Debasish Ray, who prefers to be known only by his first name, no doubt self-effacingly conscious of its commonness in Bengali nomenclature, has become the most prolific Bengali dramatist-director, sought out from his hometown Khardah by leading groups because of the original vision and theatrical quality that his work guarantees. Samstab’s Uranta Tārāder Chhāyā exemplifies this.

A passionate reader of history, he wrote this play not on any of the usual greats, but on two “failures” (the word he used when talking to me about what interested him the most, historically): the infamous Nader Shah and Muhammad Shah, the 13th Mughal. The violent Nader failed ethically, and the aesthete Muhammad failed imperially. Debasish pivots their conflict upon an imaginary encounter between them, in which Muhammad’s trust and compassion amazes Nader, to the extent that Nader begins to think of Muhammad as a friend and dreams about him.

But this gives you just the bare summary. Most unusual and inspiring about the text is Debasish’s ability to extract and express the benevolent and humanist core values of Islam, embodied in Muhammad (photo, left) and ultimately understood by Nader (right). Despite Nader’s bloodthirstiness, Muhammad’s epicureanism and the atrocities committed by both, Muhammad’s spiritual side soars above like the imagery in the title.

Debasish achieves this through spectacular design, from swirling stars in the sky down to his trademark poles onstage held by rope struts above and inner chambers masked by gauze curtains behind which he conjures magic with lighting. Bhaskar Mukherjee contributes whirling Sufic choreography and costumes in a beautifully earthy palette. Sanjib Sarkar presents perhaps his most compelling performance yet as the loud and uncultured Nader, beside Tathagata Chowdhury as the sensitive, dancing and singing Muhammad. Joydeep Sinha and Manjima Chatterjee lead the authentic-sounding music with three string instrumentalists including the unlikely banjo and mandolin.

 

Meghnad Bhattacharya, the renowned director of an even older group, Sayak, took a one-act script by Debasish, Bhabishyater Smriti, and persuaded him to expand it into a regular two-hour drama with a social agenda. A 350-year-old edifice in rural Bengal, occupied by a 97-year-old man and his son aged 78, reveals its haunted secrets when the son’s NRI granddaughter arrives on a whirlwind visit. The rambling great-grandfather refuses to leave his home because, he says, it harbours other residents.

The eerie ambience of the first half, aided considerably by Soumik Piyali’s overgrown set of the dilapidated building, green-slatted window symbolically hiding the past, with a dim passageway behind, surrenders after the interval to a simpler unravelling, one by one, of the suppressed existence of the generations of women made to stay inside. The add-on of a prospective promoter eyeing the property makes it all the more conventional. Surprisingly, the young descendant does not take her mother away with her—which seems the most natural thing to do.
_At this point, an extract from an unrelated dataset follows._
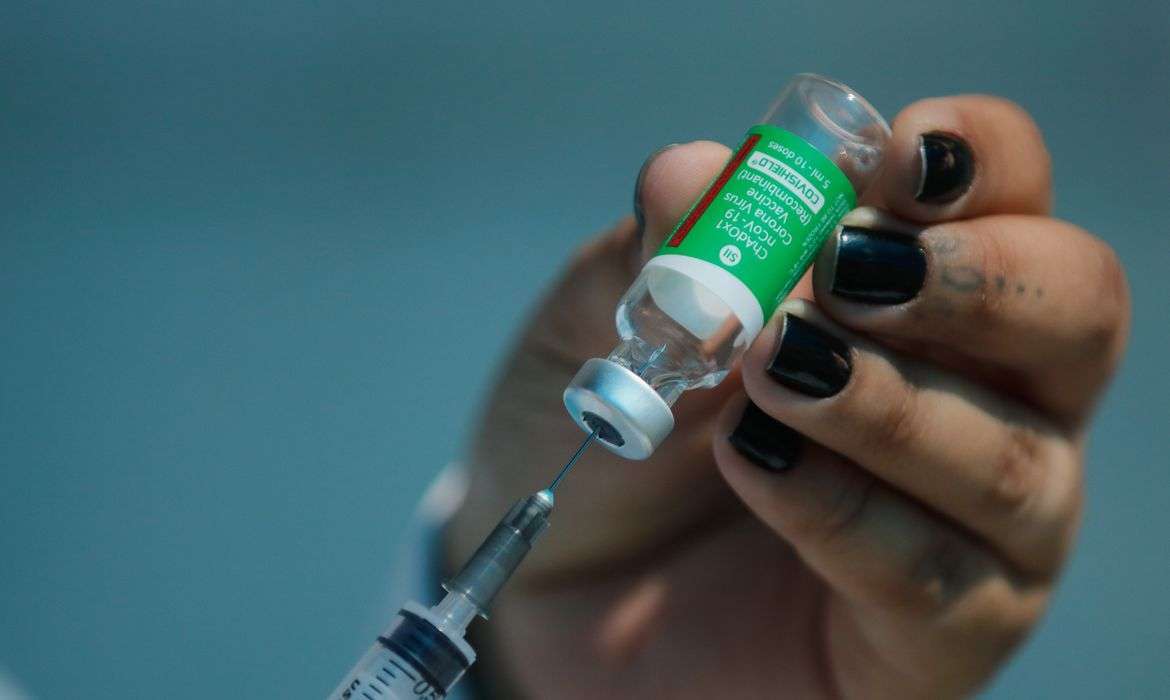 Imagem destaque da matéria - Quarta dose da vacina contra a COVID-19 no Rio tem baixa adesão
Bhattacharya’s direction ensures Sayak’s acting standards, headed by himself as the paterfamilias living in a world of his own (photo). Dhurjati Prasad De (his son), Runa Mukhopadhyay (the maid who knows too much, having grown old working in the house) and Amrita Mukherjee (the great-granddaughter) play their parts to satisfaction. But the smoke machine, while mist-ifying, does not mystify, because we soon realize that each time it emits, we can expect a spirit to materialize.